In 2009, there were several cases that were decided by the California Supreme Court, the appellate courts and the Ninth Circuit Court of Appeals that issued important decisions during the past year that affect family law. Some of those are listed here.
A trial court that failed to consider the factors in Family Code sections 2030 and 2032 erroneously issued an attorney fee order in a custody matter, and made an error of law in issuing a second order in the same proceeding that reduced appellate costs that already were owed to a pro se litigant (In re Alan S.(2009) 172 CA4th 238, 91 CR3d 241);
A nonparent seeking to obtain custody of a child lacks standing to initiate or be joined in a custody proceeding under the Uniform Parentage Act (Scott v.
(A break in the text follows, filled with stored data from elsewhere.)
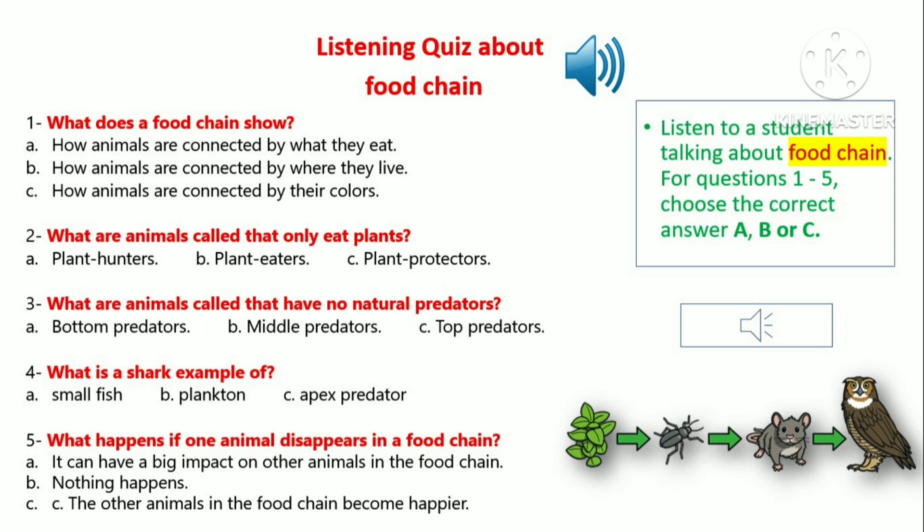Listen to a student talking about food chain. For questions 1 to 5, choose the correct answer A, B or C. You will listen to the audio twice. You have one minute to read the questions before you listen.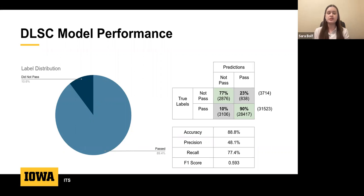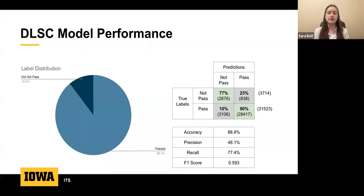Based on these metrics, our model performed well especially when predicting passes. However, since a main purpose is predicting failures, we want to further improve F1, precision, and recall scores in future trials. Our low precision could cause us to waste resources on students predicted to fail who are not actually at risk, and improved recall would help us identify more at-risk students.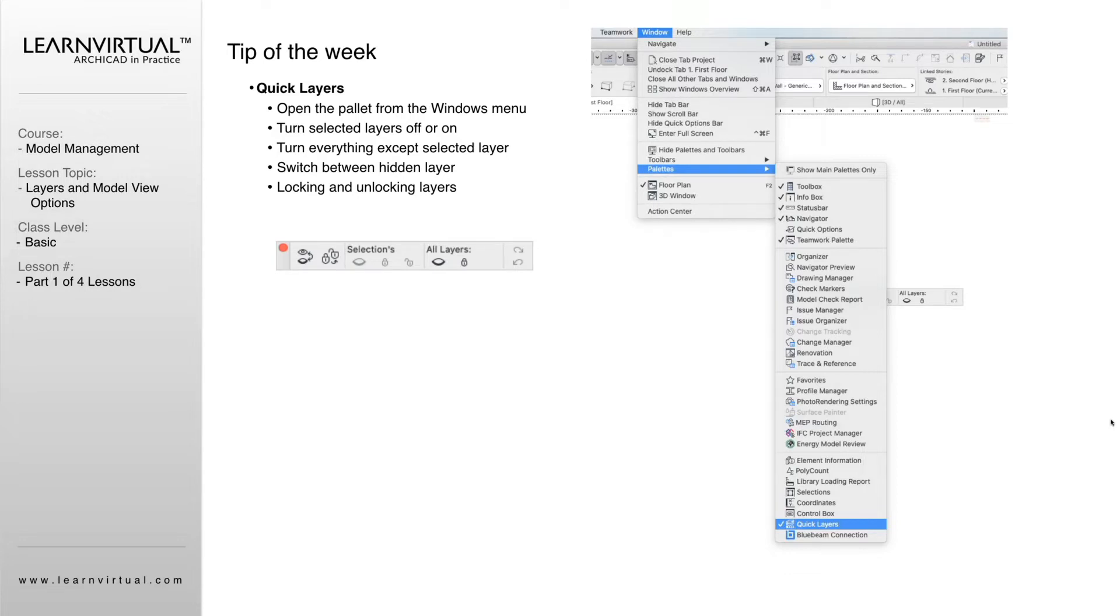So what are quick layers? First, let's learn how to get to them. It's a palette that we pull up and it lives in our toolbar up top, or you can drag it to wherever it's easy for you to see.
Superior Court (2009) 171 CA4th 540, 89 CR3d 843);
A California court that initially awarded sole legal and physical custody of a 5 month old child to his father acquired exclusive and continuing custody jurisdiction under the Uniform Child Custody Jurisdiction and Enforcement Act (UCCJEA), and did not lose jurisdiction despite the child’s and parents’ residence in Pakistan and the parents’ various actions and litigation in Pakistan and California over a 6 year period (Marriage of Nurie (2009) 176 CA4th 478, 98 CR3d 200);
In a dispute between two parents having joint legal custody over where their child would attend school, the court is not required to apply a “strict scrutiny” constitutional analysis (Enrique M. v Angelina V. (2009) 174 CA4th 1148, 94 CR3d 883;
A custody order issued as part of a domestic violence proceeding is not a “final judicial custody determination,” and therefore a parent who seeks modification of that order need not show “changed circumstances,” but rather what is in the child’s best interest based on all the circumstances (Keith R. V. Superior Court (2009) 174 CA4th 1047, 96 CR3d 298);
Although it is improper to impute income formerly earned to a supporting party absent evidence demonstrating the party could still earn it, evidence of present earning capacity in present employment creates no basis to ignore those earnings (Marraige of Berger (2009) 170 CA4th 1070, 88 CR3d 766);
A disabled support obligor who provides proof of eligibility for or receipt of Social Security Disability Income payments is exempt from levy under Family Code sections 17450-17460 (Marriage of Hopkins (2009) 173 CA4th 281, 92 CR3d 570);
A post-separation agreement regarding the distribution of community property is void and unenforceable unless it is in writing or made by oral stipulation in open court (Marriage of Dellaria & Blickman-Dellaria (2009) 172 CA4th 196, 90 CR3d 802);
“Disturbing the Peace,” as used in Family Code section 6320, may include accessing, reading, and publicly disclosing a person’s confidential e-mails; allegations of physical violence are not required to support an application for a restraining order under the Domestic Violence Prevention Act (Marriage of Nadkarni (2009) 173 CA4th 1483, 93 CR3d 723);
A trial court may not reduce spousal support on the ground that the supported spouse has become eligible to access, without penalty, his or her share of retirement accounts that were awarded to that spouse in a marital dissolution (Marriage of Dietz (2009) 176 CA4th 387, 97 CR3d 616).
There are many more cases that were decided and I will add them at a later date.